━━━ ENTRIES SHOWN

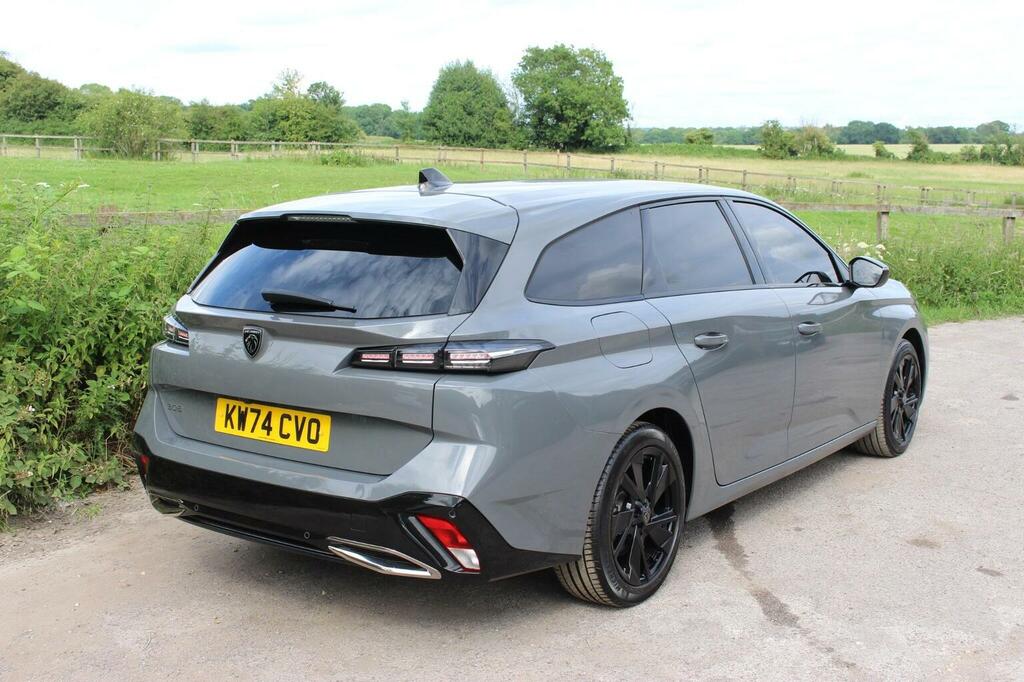 Peugeot 308 SW Gt Grey #79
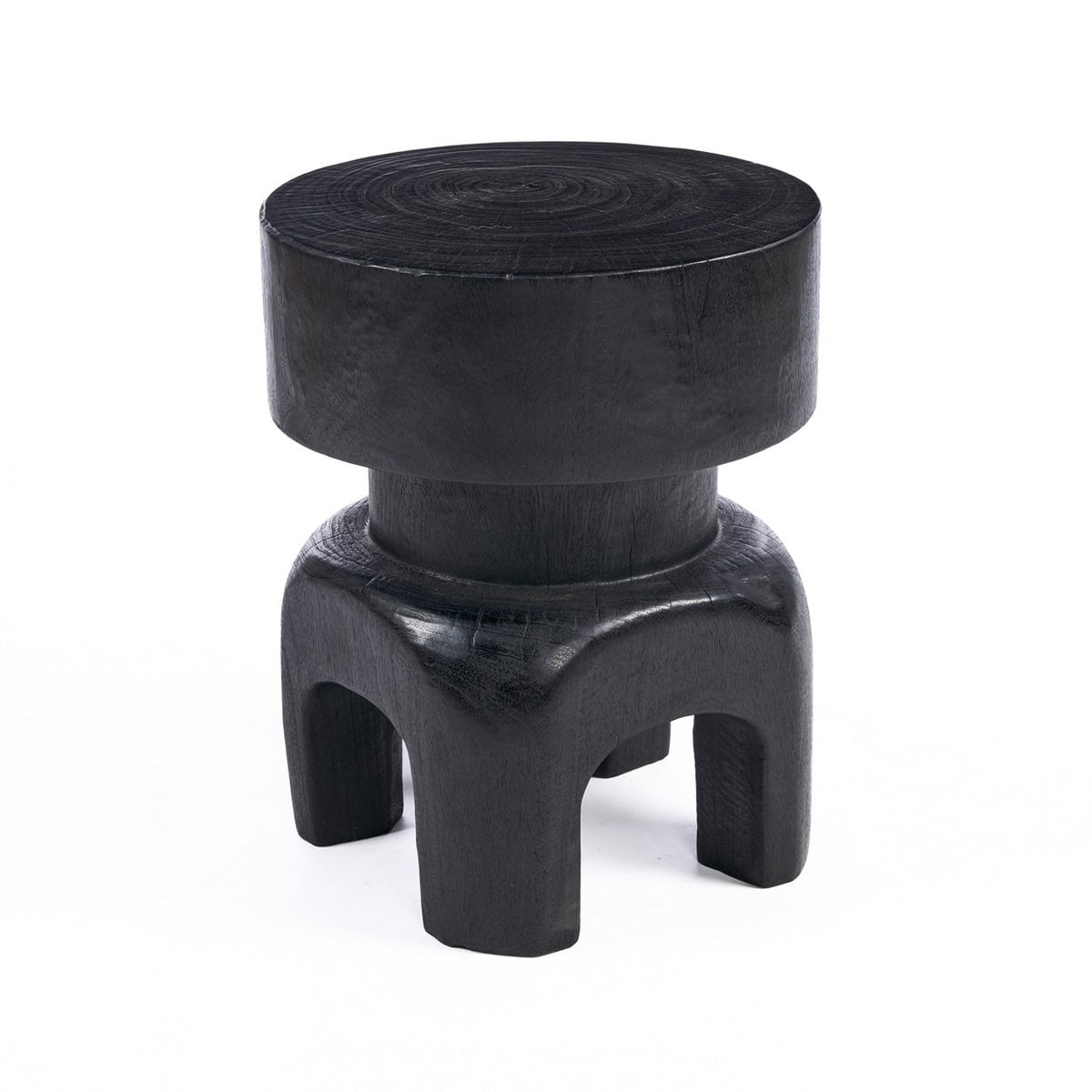 Der Squat Spot Hocker – Schwarz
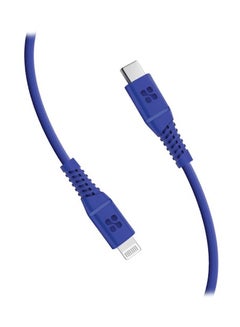 اشتري iPhone 15 Cable, 20W Power Delivery USB-C To Apple Lightning Connector Cable 1.2M Blue Blue في السعودية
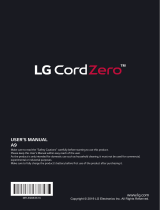 LG A9ADVANCED Owner's manual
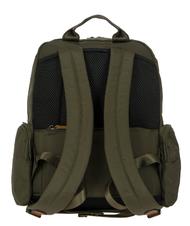 BRIC’S Zaino X TRAVEL BUSINESS, porta PC 15" oliva - Zaini da lavoro porta PC - 6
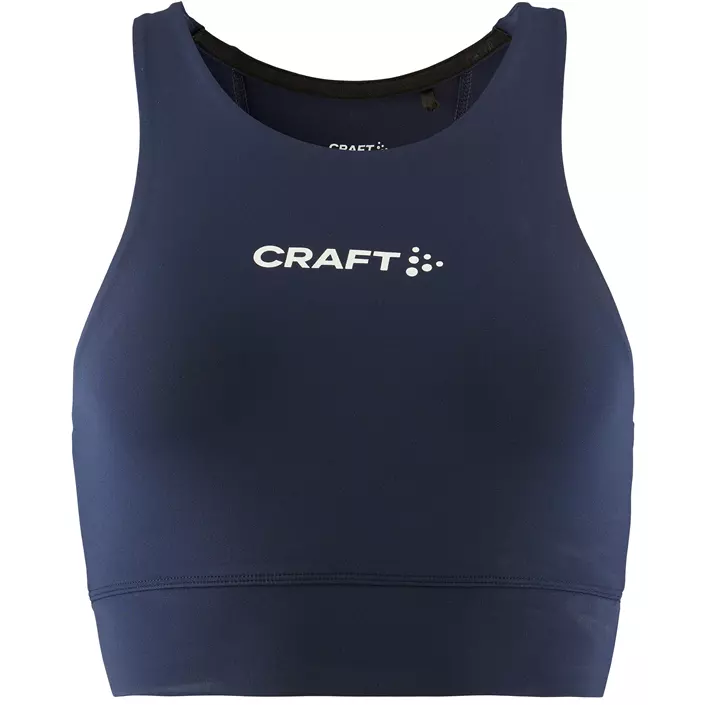 Craft Rush 2.0 dame sports BH, Navy, large image number 0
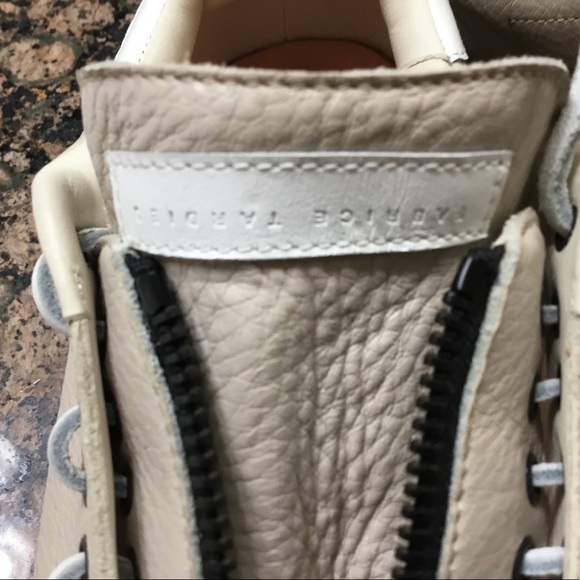 Fabrice Tardieu Leather runners/deck shoes - Picture 6 of 10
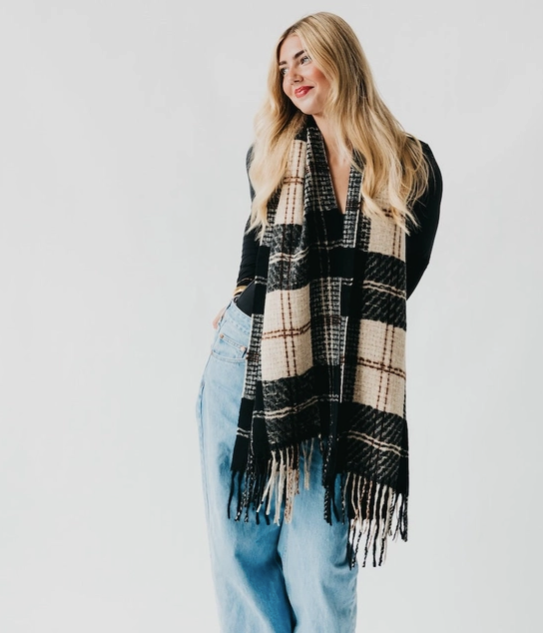Penny Plaid Scarf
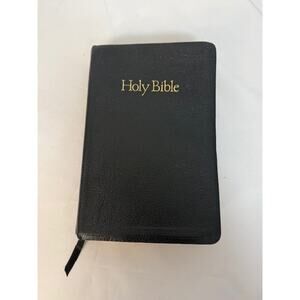 Holy Bible King James Version Nelson 1989 Concordance Red Letter Regency Gold Pg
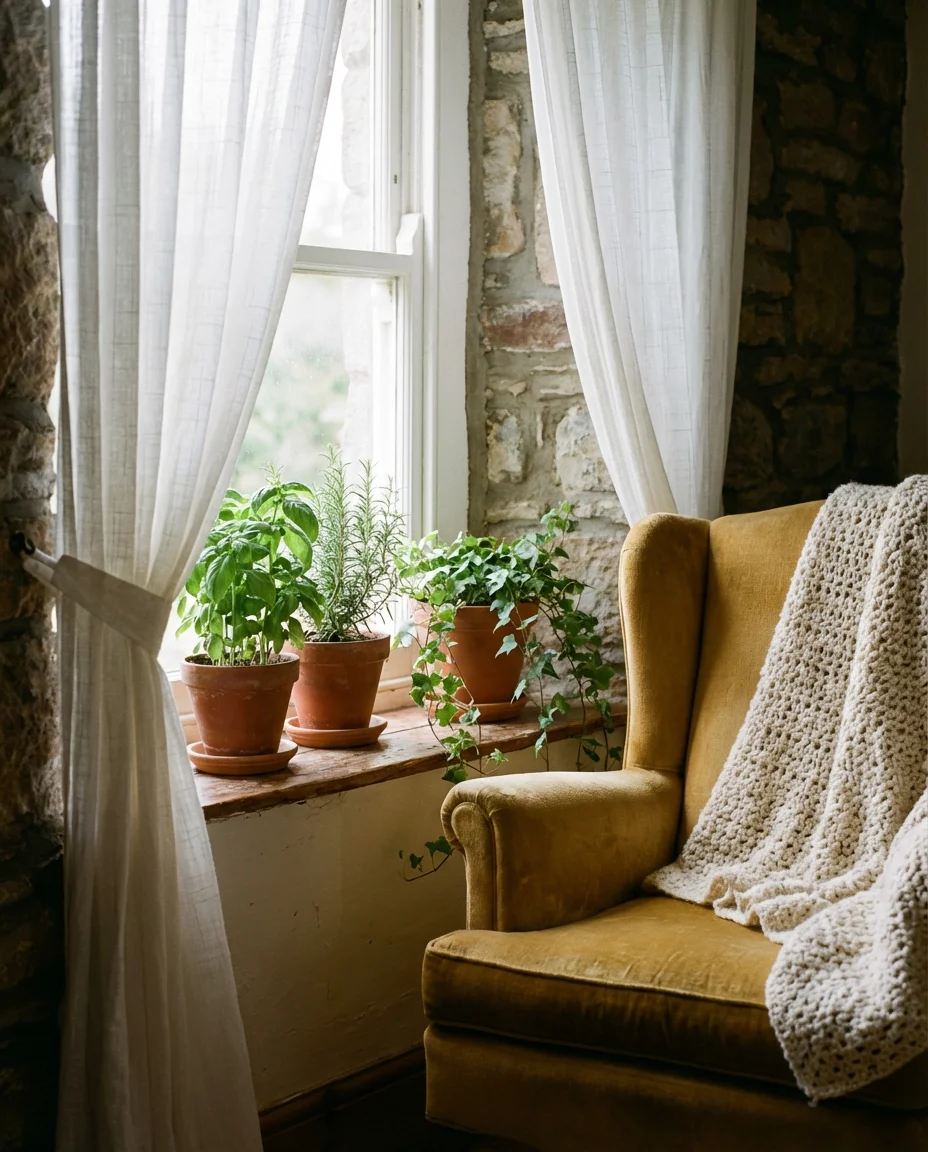 Cottage Farmhouse With Florals and Softness 2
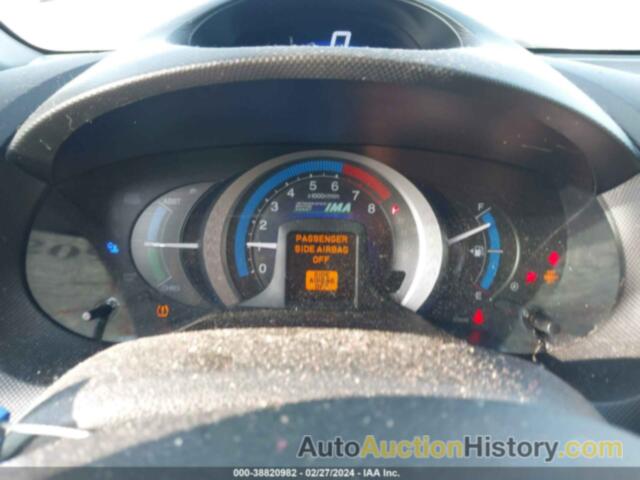 HONDA INSIGHT EX, JHMZE2H7XBS011101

━━━━━━

The full material above must be output verbatim, minus any pictures.

TASK RESPONSE:
 Peugeot 308 SW Gt Grey #79
 Der Squat Spot Hocker – Schwarz
 اشتري iPhone 15 Cable, 20W Power Delivery USB-C To Apple Lightning Connector Cable 1.2M Blue Blue في السعودية
 LG A9ADVANCED Owner's manual
 BRIC’S Zaino X TRAVEL BUSINESS, porta PC 15" oliva - Zaini da lavoro porta PC - 6
 Craft Rush 2.0 dame sports BH, Navy, large image number 0
 Fabrice Tardieu Leather runners/deck shoes - Picture 6 of 10
Penny Plaid Scarf
 Holy Bible King James Version Nelson 1989 Concordance Red Letter Regency Gold Pg
 Cottage Farmhouse With Florals and Softness 2
 HONDA INSIGHT EX, JHMZE2H7XBS011101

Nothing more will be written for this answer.